MATERIAL PROVIDED:

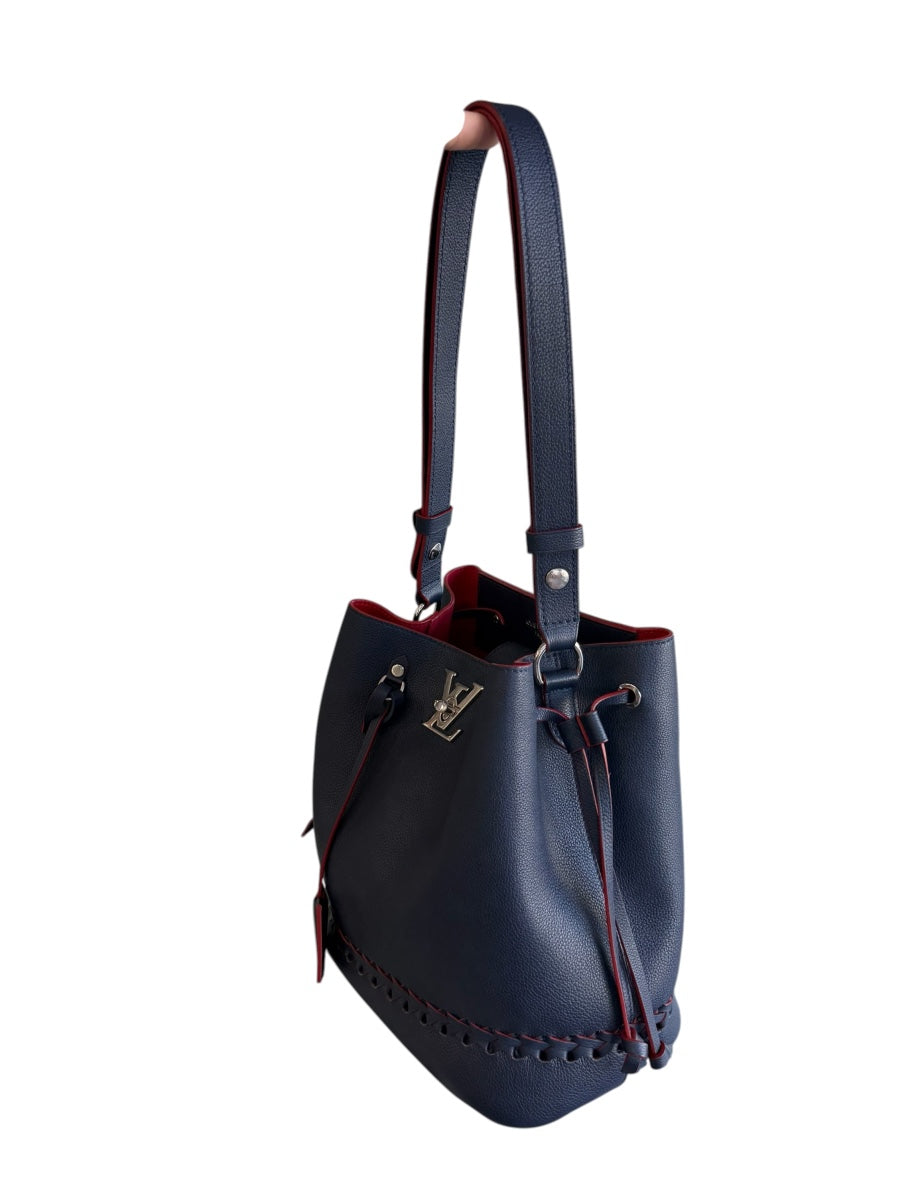 Louis Vuitton Braided Lockme Blue Bucket Bag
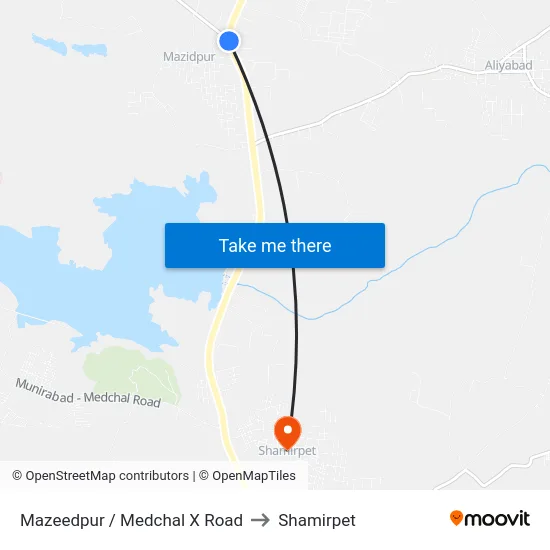 Mazeedpur / Medchal X Road to Shamirpet map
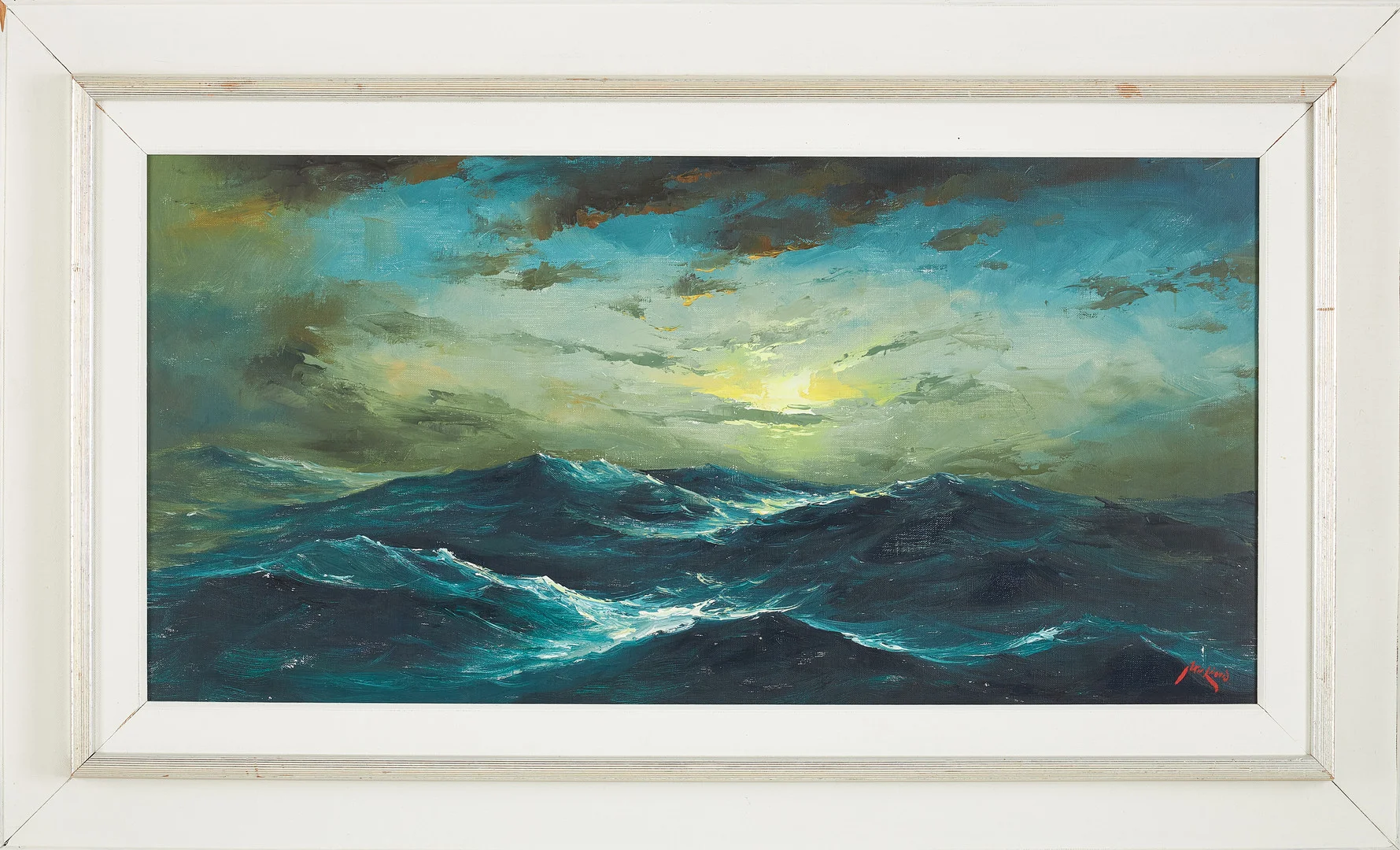 AXEL LIND. Havsmotiv, olja på duk, signerad. — Paintings — Stockholms Auktionsverk Sickla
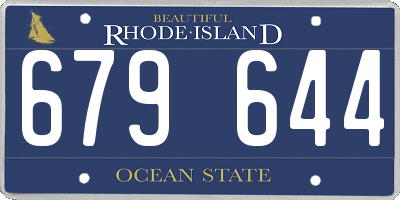 RI license plate 679644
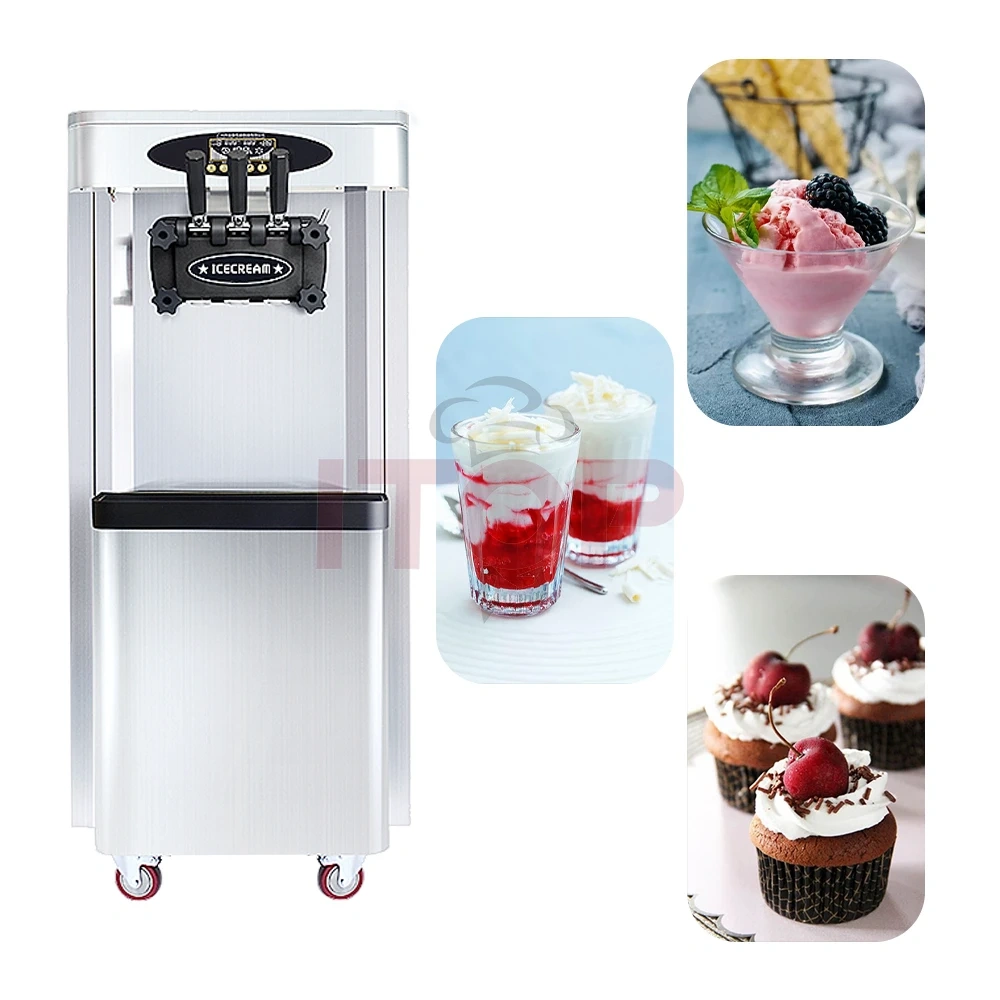 IT-IC-SV28W 3 Mixed Flavors 38L/H Coffee Shop Ice Cream Machine Professional Soft Ice Cream Maker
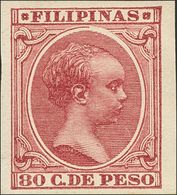 *130s. 1896. 80 Ctvos Carmín. SIN DENTAR. MAGNIFICO Y RARO. - Filipinas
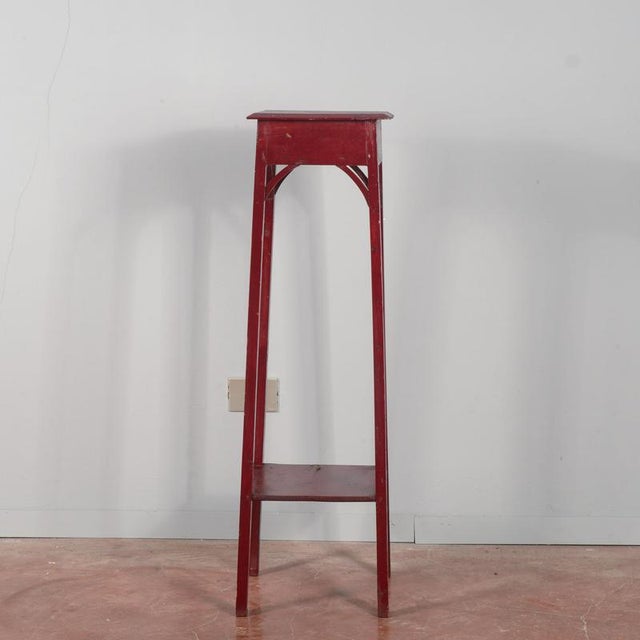 Liberty Trestle in Pompeian Red Painted Wood For Sale - Image 6 of 9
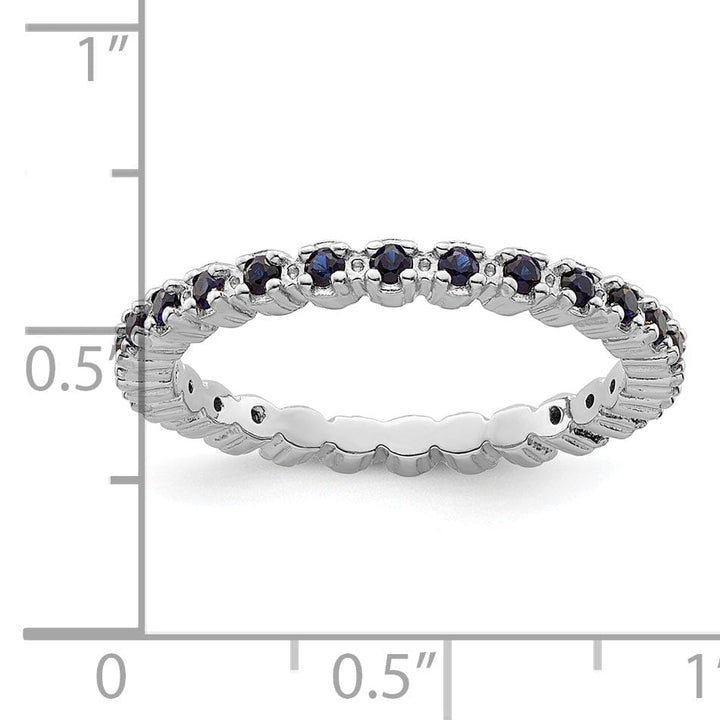 Sterling Silver Created Sapphire Ring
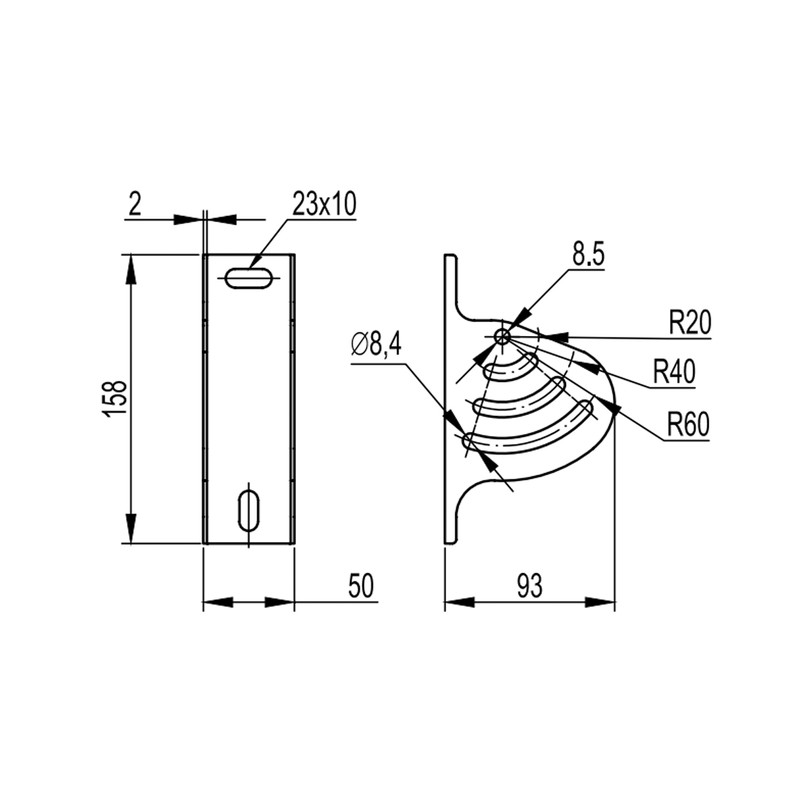 93х50х158мм сталь 2мм кріплення стельове з змінним кутом оцинкований [BSV2902] BSV-29 B5 Combitech ДКС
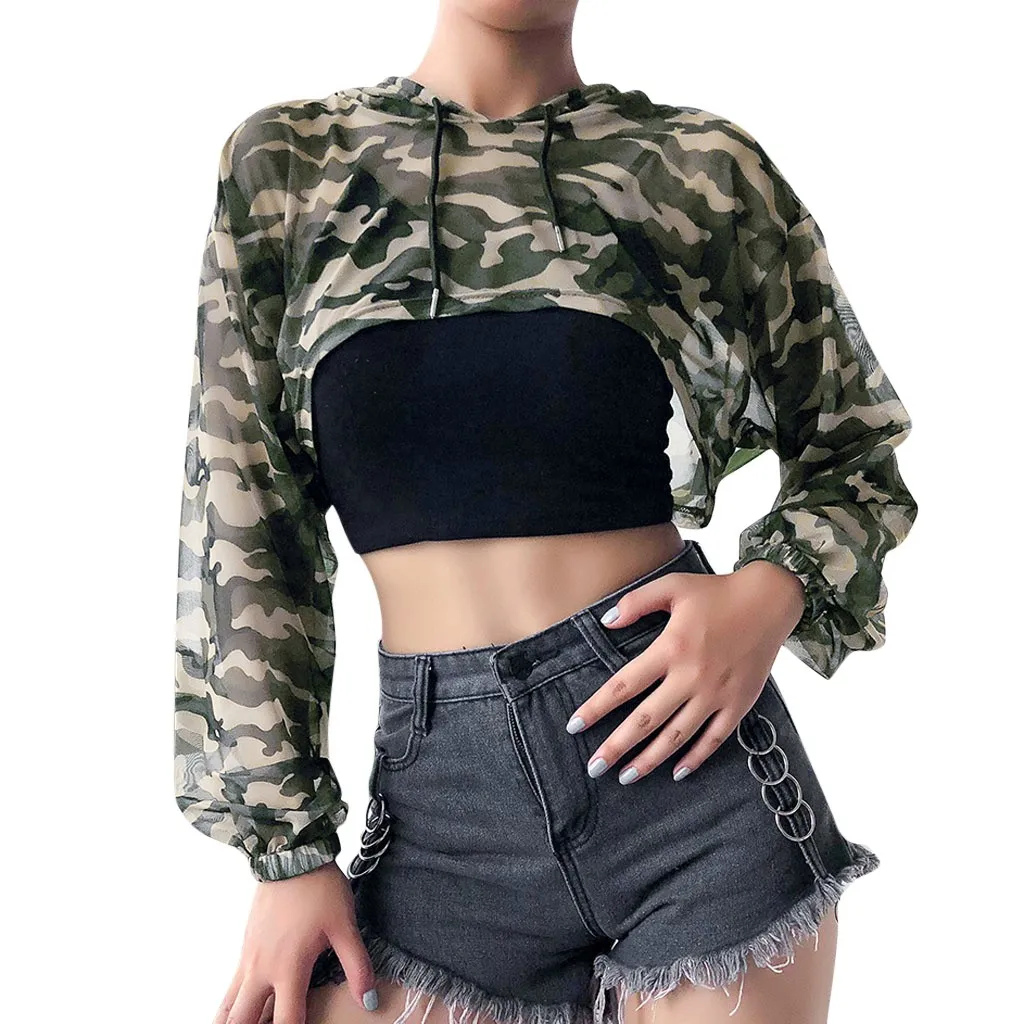 2020 Muqgew Новое поступление Модные Женские однотонные камуфляжные толстовки с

TASK DESCRIPTION: From the line that holds "IT-IC-SV28W 3 Mixed" down to the last line of the material above, every line is to be copied exactly, both ends included; pictures are to be omitted.

RESPONSE TO THIS TASK:
 IT-IC-SV28W 3 Mixed Flavors 38L/H Coffee Shop Ice Cream Machine Professional Soft Ice Cream Maker
 *130s. 1896. 80 Ctvos Carmín. SIN DENTAR. MAGNIFICO Y RARO. - Filipinas
 Liberty Trestle in Pompeian Red Painted Wood For Sale - Image 6 of 9
 Sterling Silver Created Sapphire Ring
 93х50х158мм сталь 2мм кріплення стельове з змінним кутом оцинкований [BSV2902] BSV-29 B5 Combitech ДКС
 2020 Muqgew Новое поступление Модные Женские однотонные камуфляжные толстовки с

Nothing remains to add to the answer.